For a class debate on competitive video gaming, or esports, he used the bot to find arguments on the pro side.
“I asked for ideas of what’s positive about esports,” he said, as he considered the responses, which included promoting teamwork, encouraging strategic thinking and supporting quick decision making — some of which he added to the plan he submitted.
“It’s like backup,” Marvin said. “We’ve got to be fair to the teachers. We can’t kick them out. We still need teachers.”
Classmate Jaden Duckworth was less hesitant to use it.
“It’s my new best friend. I use it every day,” he said, as he typed in questions to support his debate assignment.
His teacher, Samantha Jones, said she appreciated that the system can be used to personalize the way it addresses each student at their level, such as reading material aloud or phrasing responses in certain ways.
Tailored instruction like this has long been a goal of Florida educators, said Pepin chief operating officer Monika Perez. And what better place to test it than in a special education-centered school, she added.

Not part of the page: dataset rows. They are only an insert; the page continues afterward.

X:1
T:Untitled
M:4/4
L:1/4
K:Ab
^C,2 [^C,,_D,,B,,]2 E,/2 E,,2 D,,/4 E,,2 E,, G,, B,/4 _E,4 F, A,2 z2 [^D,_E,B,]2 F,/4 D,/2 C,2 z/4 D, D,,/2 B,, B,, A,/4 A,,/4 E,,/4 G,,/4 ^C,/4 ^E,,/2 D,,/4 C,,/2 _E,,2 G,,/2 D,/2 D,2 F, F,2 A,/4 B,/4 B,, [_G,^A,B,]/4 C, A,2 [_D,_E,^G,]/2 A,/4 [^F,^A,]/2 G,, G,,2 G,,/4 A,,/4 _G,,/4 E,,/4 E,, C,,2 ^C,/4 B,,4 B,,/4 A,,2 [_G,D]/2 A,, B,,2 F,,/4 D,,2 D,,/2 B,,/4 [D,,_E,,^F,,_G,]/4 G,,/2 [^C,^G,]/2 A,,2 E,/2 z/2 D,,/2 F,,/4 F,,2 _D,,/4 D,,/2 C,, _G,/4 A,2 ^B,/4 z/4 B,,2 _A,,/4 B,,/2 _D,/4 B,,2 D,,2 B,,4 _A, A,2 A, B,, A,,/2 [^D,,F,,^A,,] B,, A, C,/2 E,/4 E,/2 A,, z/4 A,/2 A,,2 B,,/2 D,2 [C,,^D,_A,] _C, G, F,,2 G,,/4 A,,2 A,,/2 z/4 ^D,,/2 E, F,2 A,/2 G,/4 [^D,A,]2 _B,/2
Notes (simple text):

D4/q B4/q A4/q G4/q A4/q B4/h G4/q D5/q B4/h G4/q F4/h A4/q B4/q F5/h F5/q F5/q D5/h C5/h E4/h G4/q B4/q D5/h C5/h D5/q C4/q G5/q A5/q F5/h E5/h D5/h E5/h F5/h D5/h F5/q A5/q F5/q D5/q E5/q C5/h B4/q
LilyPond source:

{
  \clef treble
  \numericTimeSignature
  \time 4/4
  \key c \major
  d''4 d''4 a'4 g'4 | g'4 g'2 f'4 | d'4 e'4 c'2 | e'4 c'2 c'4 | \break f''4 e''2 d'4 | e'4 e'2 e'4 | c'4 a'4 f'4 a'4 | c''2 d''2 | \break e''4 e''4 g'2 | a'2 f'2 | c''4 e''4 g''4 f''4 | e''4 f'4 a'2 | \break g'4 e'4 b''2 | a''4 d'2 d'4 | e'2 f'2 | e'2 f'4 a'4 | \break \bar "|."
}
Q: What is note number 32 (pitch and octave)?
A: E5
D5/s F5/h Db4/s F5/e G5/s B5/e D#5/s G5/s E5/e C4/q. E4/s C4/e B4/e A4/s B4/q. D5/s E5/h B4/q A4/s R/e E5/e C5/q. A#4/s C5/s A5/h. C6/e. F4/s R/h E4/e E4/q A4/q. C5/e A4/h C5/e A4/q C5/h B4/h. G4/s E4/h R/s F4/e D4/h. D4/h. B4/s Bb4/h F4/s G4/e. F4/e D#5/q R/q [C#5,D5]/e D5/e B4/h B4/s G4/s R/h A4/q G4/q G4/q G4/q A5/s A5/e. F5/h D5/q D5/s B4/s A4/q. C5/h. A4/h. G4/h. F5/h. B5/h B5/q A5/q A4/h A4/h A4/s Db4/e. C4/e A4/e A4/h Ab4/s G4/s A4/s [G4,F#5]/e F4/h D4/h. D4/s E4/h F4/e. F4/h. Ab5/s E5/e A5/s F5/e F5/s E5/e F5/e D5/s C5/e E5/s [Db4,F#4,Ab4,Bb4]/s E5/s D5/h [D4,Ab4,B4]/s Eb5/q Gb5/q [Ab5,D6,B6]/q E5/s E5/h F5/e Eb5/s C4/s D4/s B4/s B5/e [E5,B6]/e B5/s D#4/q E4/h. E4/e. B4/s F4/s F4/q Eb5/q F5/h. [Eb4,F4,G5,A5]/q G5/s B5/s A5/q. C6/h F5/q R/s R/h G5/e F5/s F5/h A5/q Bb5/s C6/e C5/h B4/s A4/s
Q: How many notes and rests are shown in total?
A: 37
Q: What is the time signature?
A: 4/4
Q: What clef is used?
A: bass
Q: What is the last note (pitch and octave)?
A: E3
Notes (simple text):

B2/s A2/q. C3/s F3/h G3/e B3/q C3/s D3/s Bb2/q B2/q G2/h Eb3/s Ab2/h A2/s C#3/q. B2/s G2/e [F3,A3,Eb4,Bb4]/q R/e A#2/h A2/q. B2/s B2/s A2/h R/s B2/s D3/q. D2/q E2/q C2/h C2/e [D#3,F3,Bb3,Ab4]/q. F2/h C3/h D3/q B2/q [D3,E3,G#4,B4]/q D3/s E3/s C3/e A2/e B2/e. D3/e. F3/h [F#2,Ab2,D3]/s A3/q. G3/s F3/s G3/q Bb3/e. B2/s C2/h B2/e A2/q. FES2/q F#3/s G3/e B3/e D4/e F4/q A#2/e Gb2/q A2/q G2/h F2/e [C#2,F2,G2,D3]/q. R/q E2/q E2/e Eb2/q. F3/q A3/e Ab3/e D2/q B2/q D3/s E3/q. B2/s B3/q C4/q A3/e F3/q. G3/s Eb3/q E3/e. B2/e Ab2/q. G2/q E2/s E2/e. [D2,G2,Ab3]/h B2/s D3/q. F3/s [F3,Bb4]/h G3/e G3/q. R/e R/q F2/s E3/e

“Our population and our school are so unique,” Perez said. “Our type of students, you’re not thinking of when you develop these types of programs. We want to be part of the design on the front end.”
Strawn said she is hopeful the pilot will show other schools the possibilities, and they will join. It also has applications for home school families, she said.
Bern, the Pepin math teacher, said with the proper mindset, schools can properly use AI without fearing the worst.
“We tell kids, using your resources is not cheating. It is being resourceful,” he said. “It’s our job to teach kids how to be resourceful the right way.”